Onto the painting of the Beastman and Greatsword today. Not the most clean, masterful job I have ever done, but I liked some of the effects I got by working with a white undercoat.
Firstly I put on watered down layers of black, bone and khaki. These were left to dry, and then another layer was put on top to strengthen the colour. I really liked how the black came out. It has a nice soft quality to it, rather than the usual hard black sheen that undiluted black usually produces.
Then a collection of subsequent colours were added. Originally I had planned to paint the Greatsword entiely metal, but the black looked so interesting I decided to keep the main elements black and choose a few segments to pick out in metallics.
Once I had all the colours on I gave both models a black wash.
I then picked out highlights in the original pre-washed colours, as well as another level of highlights with some white added. For the Beastman I wanted rusted weapons and armour, but decided to approach it differently to how I normally paint rust. I dabbed Bestial Brown onto the metal areas, followed by another dabbing of Scab Red. I then dabbed Chainmail back over the top to break up the rust and make it look more dispersed.
Overall I am quite pleased with how this turned out. As I mentioned earlier, the painting isn’t fantastic, but I am interested now in exploring some more with white undercoats and diluted paints. I am also really pleased with the rust effect, which seems like such a minor triumph, but having a number of techniques to achieve a certain result is always a benefit. Also, the diorama base itself came out great, a lot better than I had hoped. Certainly, I am excited to tackle another diorama quite soon.
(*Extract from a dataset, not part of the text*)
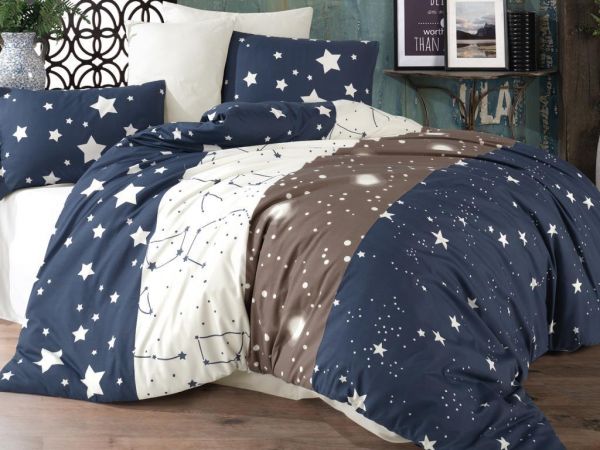 Çeyiz Diyarı Yıldız Çift Kişilik Nevresim Seti Bej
Got some paint onto the base part of the diorama. Since the undercoat was white I decided to use paint with water added, to a consistency of about 50/50. Using a selection of ochre reds and bone colours I managed to get a nice wasteland look.
I will make a start on the figures next. Depending on how these go I might come back to the base and add a bit more depth to the tree. We will see.
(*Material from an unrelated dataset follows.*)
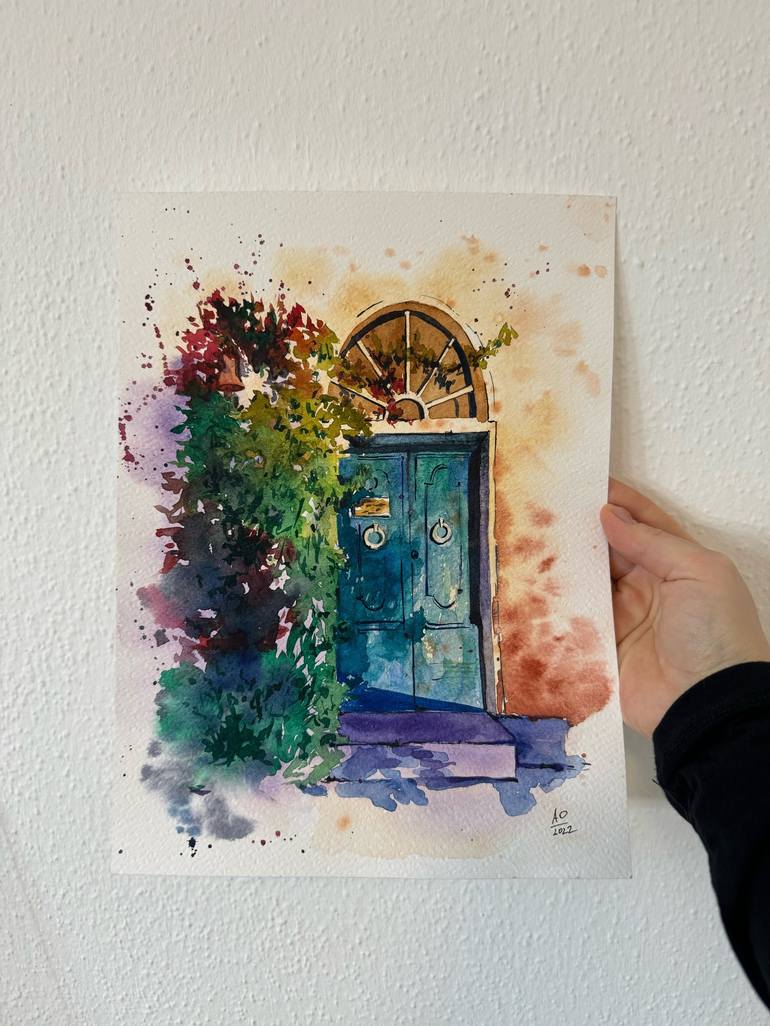Original Architecture Painting by Anna Ostapenko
It has been quite a few months since I posted anything on here. Mostly because I haven’t achieved very much hobby related, apart from continuing to put together The Campaigner. But my backlog of other stuff is starting to clear up, and miniature related activities begin to appear near the top of the to-do list. Such as this little project, which I finally started today.
I have had this offcut block from The Campaigner Creative Challenge for some time. So I decided to try out a couple of new (in the very least, new for me) modelling ideas as part of a diorama. Above is said diorama, in a state just before undercoating. I will take you through some of the main elements.
The first main element, and my first experiment, is this dead tree. As I mentioned earlier, I had a backlog of things on my to-do list. Once of these I did a few weeks ago, which was giving the backyard trees and bushes a much-needed pruning. I know, the excitement of home ownership!
While engaged in this drudgery I kept a handful of interesting branches and twigs I found as I pruned, such as this one. Over the last few weeks this has been left to dry out. I then cut a wedge out of the bottom and glued it to the pine block with PVA glue. To make sure it was sturdy I also inserted a pin.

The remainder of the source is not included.